In Axler's Linear Algebra Done Right Example 1.24, we are asked to prove that the set of all functions from some set S to the set of real (or complex) numbers is a vector space.
I proved this by using the definitions of the vector sum and scalar product associated with this set of functions and by using the fact that the output of these function are elements in the set of real or complex numbers, and thus as elements in fields, the properties of fields such as the distributivity of multiplication over addition and the existence of an additive inverse apply.
My problem is that to me, this seems like a lot of reasoning just to say that the real-valued ouput of a function behaves in the way that we all know real numbers do, just from our rather fundamental human experience of the world as $\mathbb R^3$. It even seems a little tautological ("opium causes sleep by virtue of its dormitive power") = ("a vector space onto a field is a vector space by virtue of a field being such a thing that makes a vector space when you add the right operations to it"). Why is the naive, "intuitive", or "geometrical" understanding we can from experience insufficient and this style of proof illuminating? What does humanity gain from being able to give a demonstration like this as opposed to just asserting when convenient that such a thing as a vector space exists when we need to use it to perform a certain type of calculation?
I fully admit that I am probably so ignorant of the matter that I can't even begin to see how, but how can I come to see that if that is so?

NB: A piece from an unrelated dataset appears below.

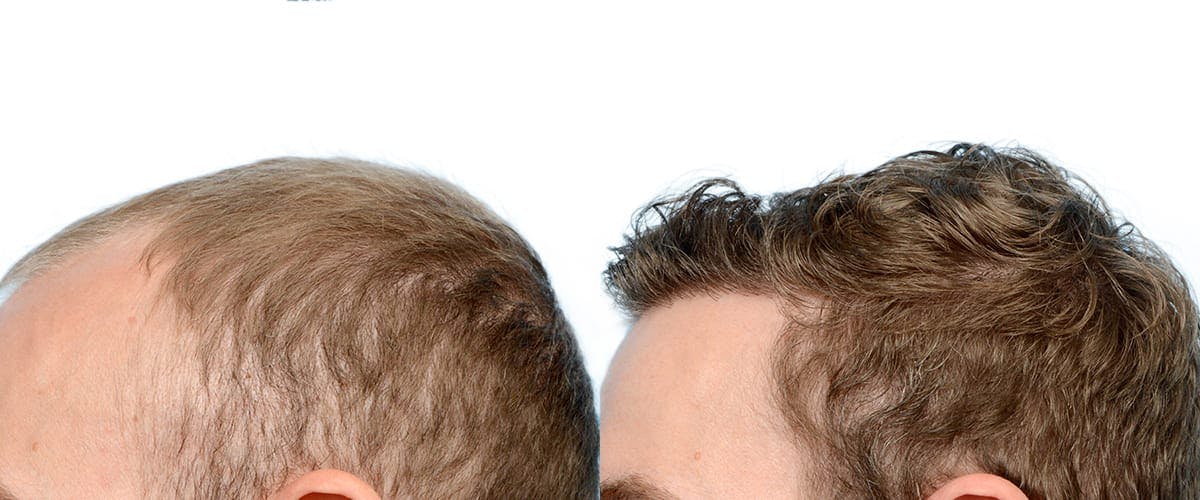 Hair Restoration Before & After Gallery - Patient 387078 - Image 7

We do not experience the world around us as the set $\mathbb R^3$. There are no coordinates floating around us. Moreover there is no obvious way to agreeing upon where $(0,0,0)$ is. Our world is clearly coordinate free.

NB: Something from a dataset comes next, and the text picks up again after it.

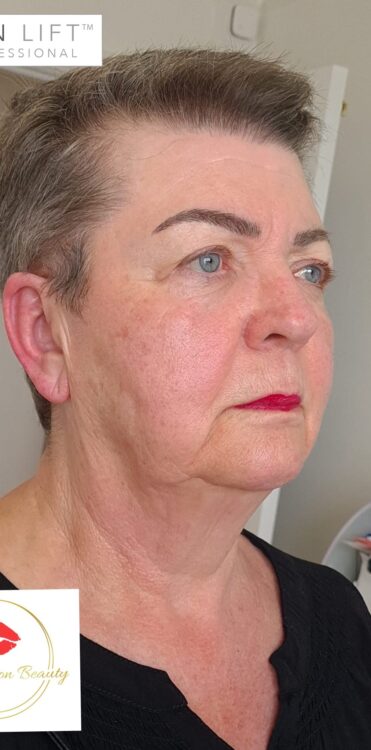 before and after collagen lift anna krason beauty 2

Not only do we not experience the world around us as the set $\mathbb R^3$ but even less so as a vector space $\mathbb R^3$. Is it clear when looking around us that we have a operations $+$ and a multiplication giving a vector space structure ? I don't think so.

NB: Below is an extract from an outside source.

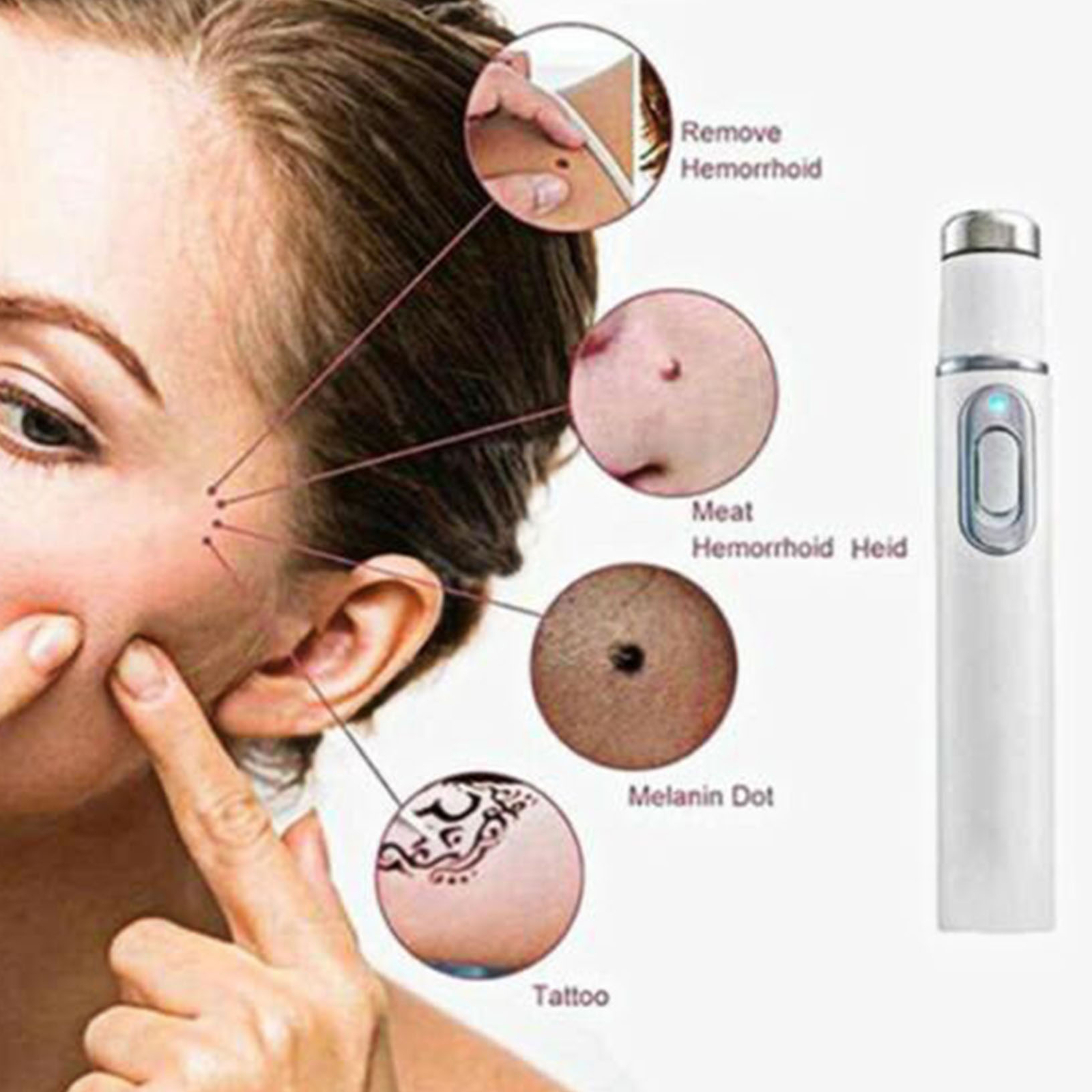 NEW Skin Spots Removal Pen Beauty Blue Light Pen High Quality Free Shipping NEW Skin Spots Removal Pen Beauty Blue Light Pen High Quality Free Shipping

Additionally it is not because something seems "intuitive" or "obvious" that it is actually mathematically easy to prove. In fact it happens quite often that something which seems intuitive is actually just false.
An example of this is when dealing with infinite sums
$$ \Sigma = a_1 + a_2 + a_3 + ...$$
You might believe that switching the order in which you sum the terms $a_i$ will not affect the value of $\Sigma$, but that is not the case.